■ Task description
Below is a listing to write out in full, exactly as given, without its pictures.
START Given material
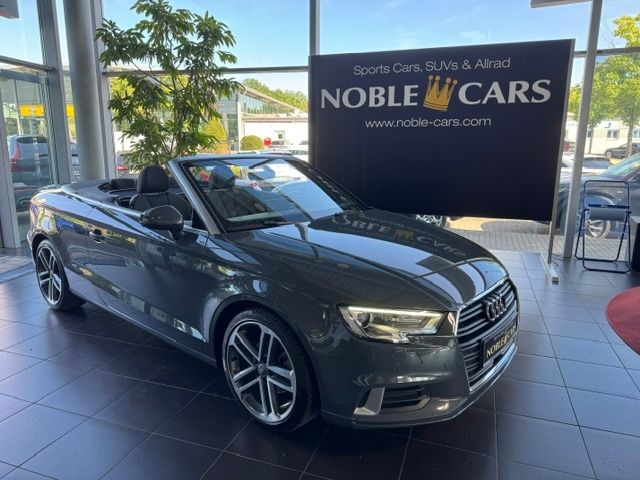 Fahrzeugabbildung Audi A3 Cabriolet Sport 35 TFSI S Tronic XENON NAVI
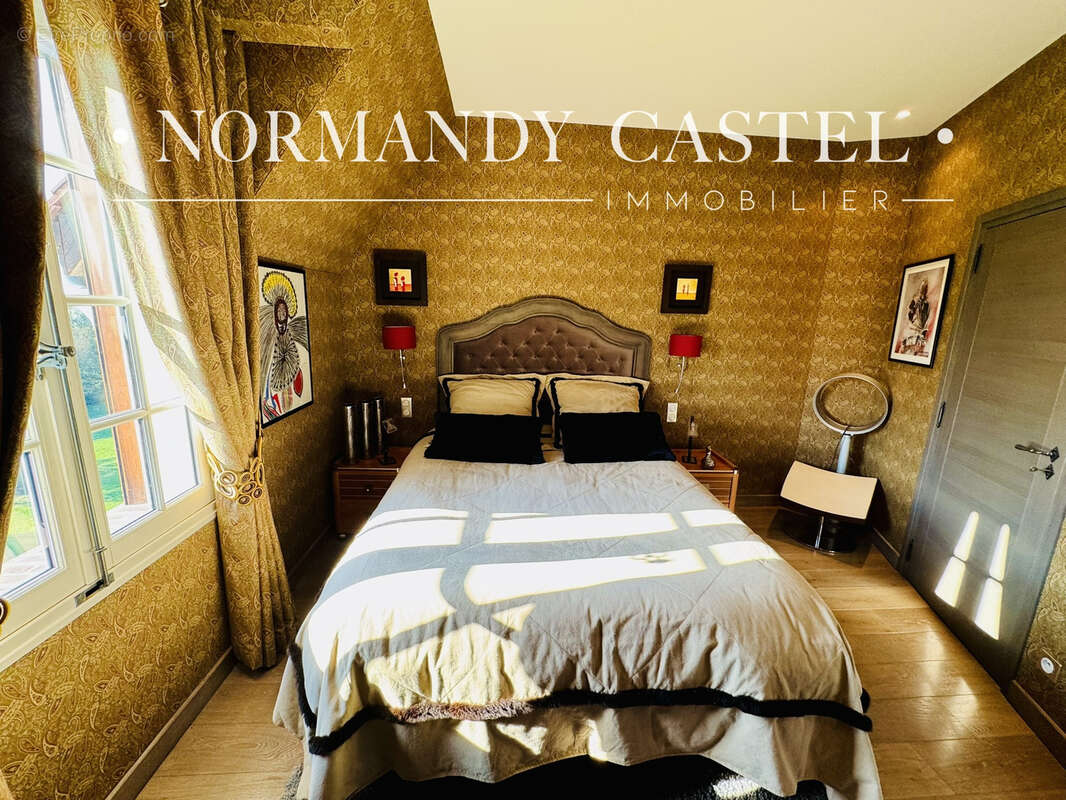 Maison à BLONVILLE-SUR-MER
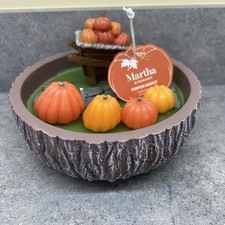 Martha Stewart Pumpkin Harvest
END Given material
■ Solution to the problem
 Fahrzeugabbildung Audi A3 Cabriolet Sport 35 TFSI S Tronic XENON NAVI
 Maison à BLONVILLE-SUR-MER
 Martha Stewart Pumpkin Harvest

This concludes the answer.